Trucks and SUVs seem to keep getting bigger and bigger. Look at the new Ford Maverick. What was once a car is now a truck. Most Jeep Wranglers these days have four doors, and some even grew a bed. After spending over a week with a 2020 Toyota Sequoia TRD Pro, its actual size is starting to settle in.
On the highway, the size isn’t very noticeable
I’m not sure if the interstate is the worst or best place to test vehicles. On the one hand, you can stretch its legs and give it some room to breathe, but on the other, the interstate tends to be pretty boring driving. They have virtually no corners, usually less hard braking, no serious steering to speak of, and other than straight-line speed, comfort, and interior features, there is little to help gauge how good a vehicle is.
In the case of the big ol’ green Sequoia TRD Pro, it was like a giant couch lumbering down the freeway. It told me very little about itself in that setting. It was comfortable and easy to spend time in between the many gas stops.
I could not really get a great feel for the off-road kid-hauler’s size until I passed a first-generation Sequoia.

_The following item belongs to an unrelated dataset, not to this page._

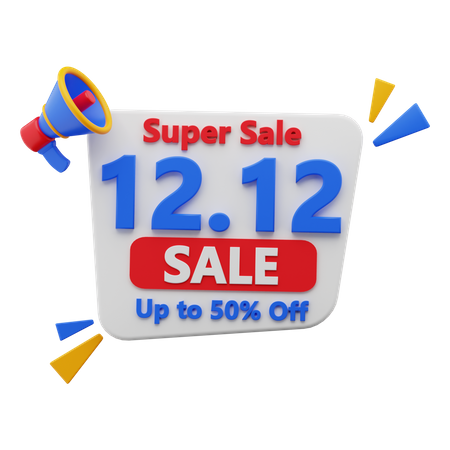 Súper Venta  3D Icon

My new Sequoia lazily grunted past the old one, and I drove side by side for a few seconds to compare. I was genuinely shocked to see that we in the 2020 model TRD pro were looking down at the 2001 model. It was dramatically shorter in height and length and narrower than the golden oldie. Enough smaller, in fact, to really sink in how big the new one truly is.
Is the big Sequoia TRD pro any good off-road?
Well, it’s a Toyota 4×4 after all, so yes – but also no. As far as hardware and driveline capability, it’s great, but the size really holds it back from being a truly great off-roader. After the road trip, I spent an entire day running trails and back roads in the mountains of Western North Carolina. We had gotten over 14 inches of snow in some places. The back roads and trails were positively buried. The problem here is that many of these trails followed along the side of a mountain with no guard rail.
Knowing where your tires are at all times is key to off-roading and doubly so on the side of a snowy cliff. The Sequoia never once even flinched at the ruts and deep, muddy snow. It powered through every trench and up every hill. The problem was the width.
Some of these trails were one and a half cars wide that if you could find any shoulder, two trucks could pass one another, but with the Sequoia, every trail/road was turned into a one way. The day was filled with either me or another fellow off-roader having to back down steep and icy roads until the trail was wide enough for someone to squeeze by. It was humiliating.
If you are crossing wide stretches of desert on an overlanding journey, I will wager the Sequoia would work great, but it is simply too wide on most trails. Every corner was white-knuckled for fear of dropping a wheel over the edge.
Let’s put some hard numbers on the 2020 Sequoia’s size
The Sequoia with the TRD Pro package stands at 77-inches high, 80-inches wide (that’s the literal width of my couch), and 205-inches long. That, right there, is what the young people call a “unit.” All that size doesn’t come in lightweight either; this behemoth weighs nearly 6,000 pounds. Not exactly very nimble on the trail. Consider all that size and weight on a steep, snowy mountainside. When the Sequoia gets to sliding, it is not easily stopped, which leads to a lot of clinched-cheek moments.
I will say it was fun, but mostly due to the fear. All that aside, as Road & Track mentions in their review of this big dawg, I don’t have many objective or professional reasons to like the Sequoia, but somehow I still do, a little bit.